--- Given data ---
|---|

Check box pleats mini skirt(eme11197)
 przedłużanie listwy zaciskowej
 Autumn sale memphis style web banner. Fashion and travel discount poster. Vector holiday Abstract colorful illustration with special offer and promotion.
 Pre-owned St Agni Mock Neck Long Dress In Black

|---|

--- Exercise requirements ---
Lines from the one containing "przedłużanie listwy zaciskowej" through the last line of the listing are to be restated word for word; no other line may appear.

--- Answer box ---
 przedłużanie listwy zaciskowej
 Autumn sale memphis style web banner. Fashion and travel discount poster. Vector holiday Abstract colorful illustration with special offer and promotion.
 Pre-owned St Agni Mock Neck Long Dress In Black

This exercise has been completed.